The mapping for this value looks like this:
{
map.Column("RECEIVED_TIME");
map.Type<NHibernate.Type.UtcDateTimeType>();
});
I had to make a contrived example to simplify what's going on, and the interesting part was that the problem didn't show up while using the same session. I had to write the data in one session, then read it back from another session before the problem appeared.

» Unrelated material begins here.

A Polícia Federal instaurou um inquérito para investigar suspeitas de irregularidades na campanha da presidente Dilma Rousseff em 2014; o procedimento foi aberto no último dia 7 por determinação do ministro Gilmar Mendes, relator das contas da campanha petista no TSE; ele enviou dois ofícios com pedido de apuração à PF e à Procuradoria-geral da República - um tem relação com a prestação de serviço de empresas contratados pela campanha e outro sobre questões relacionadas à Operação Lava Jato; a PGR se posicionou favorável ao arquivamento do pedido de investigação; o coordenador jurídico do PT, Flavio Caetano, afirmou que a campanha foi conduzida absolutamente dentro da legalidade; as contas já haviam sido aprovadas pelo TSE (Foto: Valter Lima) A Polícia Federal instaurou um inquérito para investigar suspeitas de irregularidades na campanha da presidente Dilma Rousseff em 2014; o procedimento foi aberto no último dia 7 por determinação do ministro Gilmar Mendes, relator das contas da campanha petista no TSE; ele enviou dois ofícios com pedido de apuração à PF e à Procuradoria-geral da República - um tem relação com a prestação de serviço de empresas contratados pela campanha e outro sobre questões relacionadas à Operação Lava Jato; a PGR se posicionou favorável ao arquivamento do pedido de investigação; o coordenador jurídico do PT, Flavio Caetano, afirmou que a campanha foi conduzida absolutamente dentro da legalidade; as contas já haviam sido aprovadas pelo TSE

var sessionFactory = new TestSessionFactory();
var session = sessionFactory.OpenSession();
var transaction = session.BeginTransaction();
var now = DateTime.UtcNow;
var time1 = now.ToString("u");
session.Save(new OrderModel() { ReceivedTime = now });
transaction.Commit();
session.Dispose();
session = sessionFactory.OpenSession();
var time2 = session.Query<OrderModel>().First().ReceivedTime.ToString("u");
Console.WriteLine(time1 + ", " + time2);
The output from the above code was: 2020-03-24 22:13:00Z, 2020-03-24 18:13:00Z
The same time value... except for the 4-hour error.
Anything that I'm missing? I've done a lot of searching for answers so far, but there's nothing to indicate that there's more setup that I should need. I have read of other people having a similar problem (from many years ago, however) and settling on making their own custom data types to solve the problem -- which certainly seems like overkill for something that should be as basic and universally supported as a DateTime value.